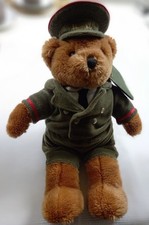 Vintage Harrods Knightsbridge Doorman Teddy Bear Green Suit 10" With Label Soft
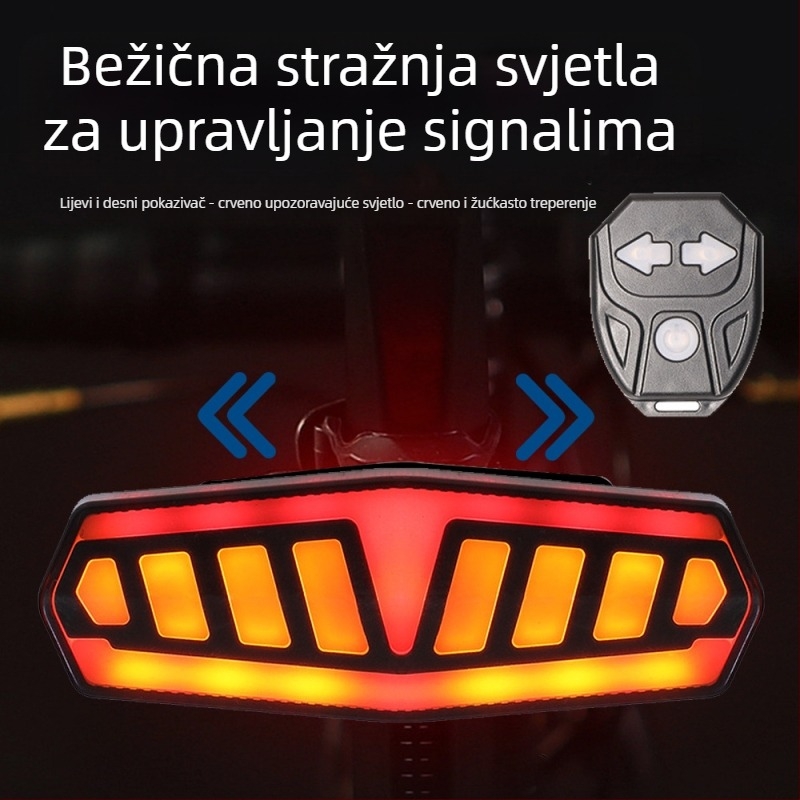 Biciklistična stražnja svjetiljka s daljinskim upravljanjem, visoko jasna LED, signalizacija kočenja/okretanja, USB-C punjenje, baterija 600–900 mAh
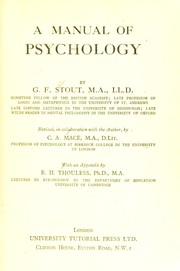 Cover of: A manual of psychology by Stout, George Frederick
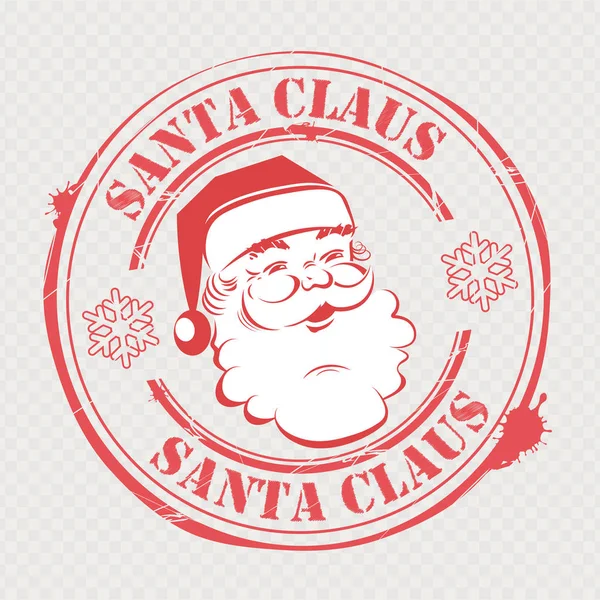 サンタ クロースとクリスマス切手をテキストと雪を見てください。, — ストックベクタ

#### [What you are asked to do]
Transcribe the full listing exactly, but keep every image out of it.

#### [Problem solution]
 Vintage Harrods Knightsbridge Doorman Teddy Bear Green Suit 10" With Label Soft
 Biciklistična stražnja svjetiljka s daljinskim upravljanjem, visoko jasna LED, signalizacija kočenja/okretanja, USB-C punjenje, baterija 600–900 mAh
 Cover of: A manual of psychology by Stout, George Frederick
 サンタ クロースとクリスマス切手をテキストと雪を見てください。, — ストックベクタ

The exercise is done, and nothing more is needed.